Exercise aim: Leave out the pictures, then output the lines of the records below from the first through the one containing "It helps feed".

:::

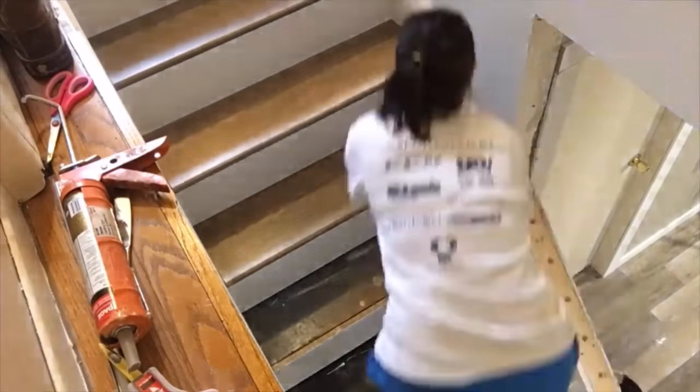I've also linked the DIY stairs below — I was able to fully flip these stairs for a thousand bucks. Stay with me today and I'm going to show you how I install the stair runner to be permanent and safe.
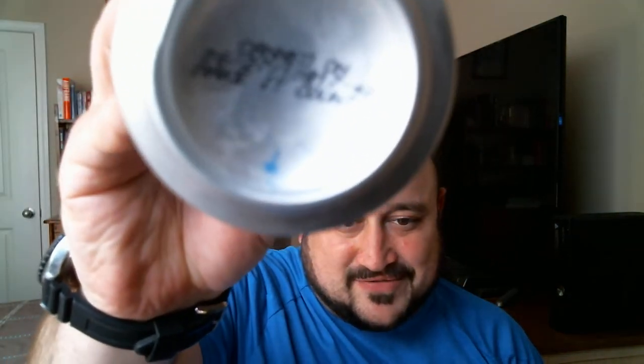It says drink fresh, do not age, and this was canned on June 27th of this year, so very fresh. It also says 'make it count' on the bottom — kind of funny and interesting that they put that on there.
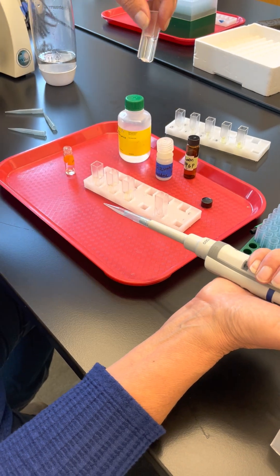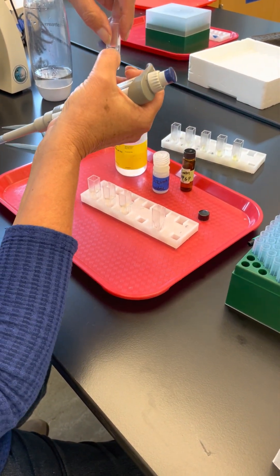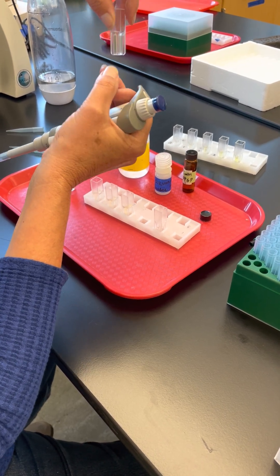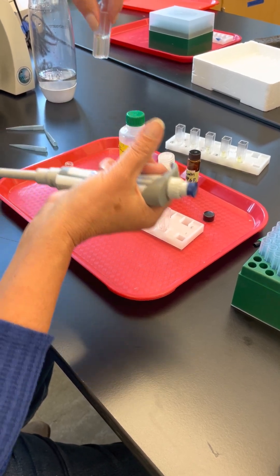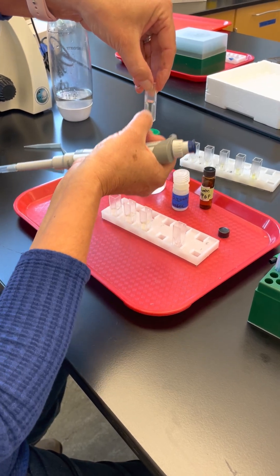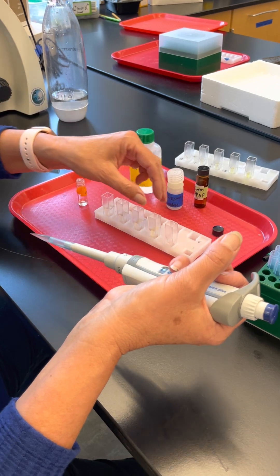The cuvette has a clear area on one side and an indentation on the other. You want to insert the cuvette so the flat, clear area is facing you. You can hold the top of the cuvette, but avoid touching the clear sides, because that's the area the spectrophotometer reads through.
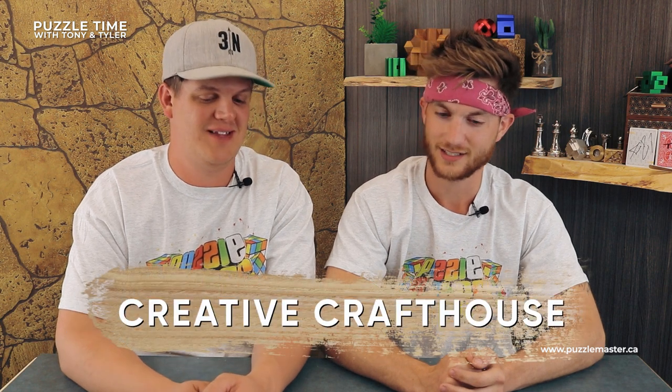These came in this week — a few different designs. These boxes were so heavy when they came in. There were like 30 of them in a box. It's a one and a half pound box — it's solid, solid wood.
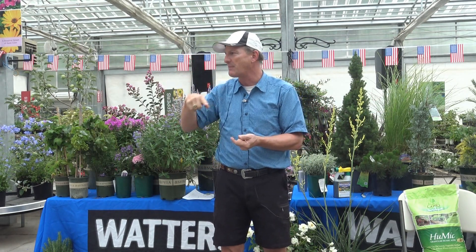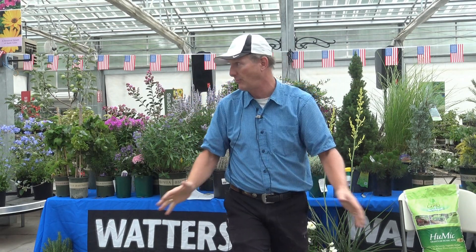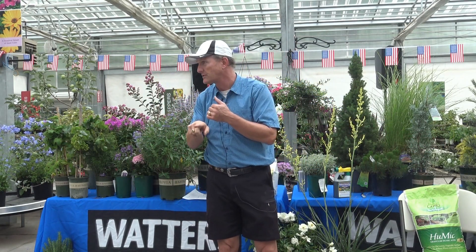It helps feed them, so they go: this soil is active and alive, this is great. And then the plants respond by going: the soil's alive, things are going on — I think I'll root more because I want to be part of the party. So it encourages deeper roots on the plants.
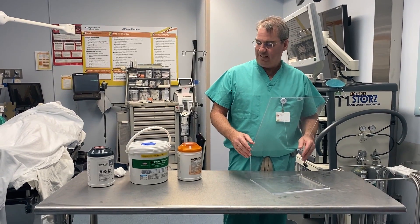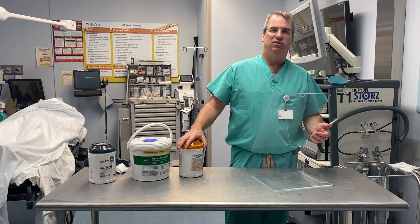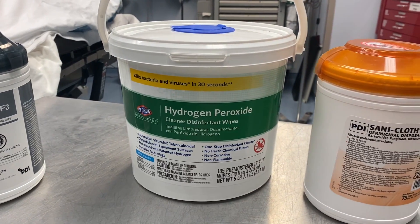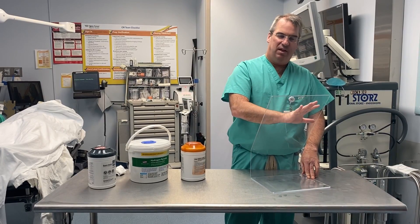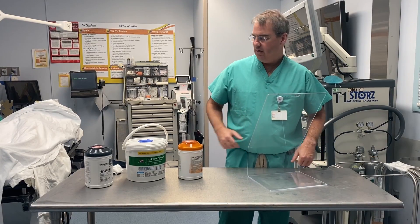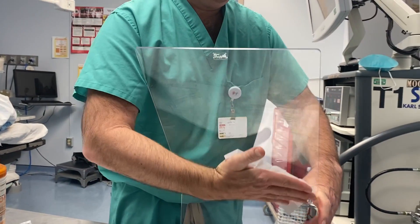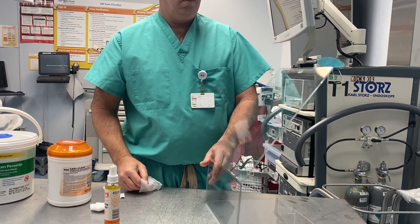Any high-level decontaminant wipe can be used to clean or decontaminate the shield after use — this includes Cavi-Wipes, Sani-Cloths, and bleach, which will not hurt the acrylic. If you wipe it down often, you'll get a slight film that changes visual acuity through the shield slightly. To rejuvenate clarity, just wipe it down with an alcohol wipe after high-level disinfection and the acrylic becomes perfectly clear again.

:::

Response to this task:
I've also linked the DIY stairs below — I was able to fully flip these stairs for a thousand bucks. Stay with me today and I'm going to show you how I install the stair runner to be permanent and safe.
It says drink fresh, do not age, and this was canned on June 27th of this year, so very fresh. It also says 'make it count' on the bottom — kind of funny and interesting that they put that on there.
The cuvette has a clear area on one side and an indentation on the other. You want to insert the cuvette so the flat, clear area is facing you. You can hold the top of the cuvette, but avoid touching the clear sides, because that's the area the spectrophotometer reads through.
These came in this week — a few different designs. These boxes were so heavy when they came in. There were like 30 of them in a box. It's a one and a half pound box — it's solid, solid wood.
It helps feed them, so they go: this soil is active and alive, this is great. And then the plants respond by going: the soil's alive, things are going on — I think I'll root more because I want to be part of the party. So it encourages deeper roots on the plants.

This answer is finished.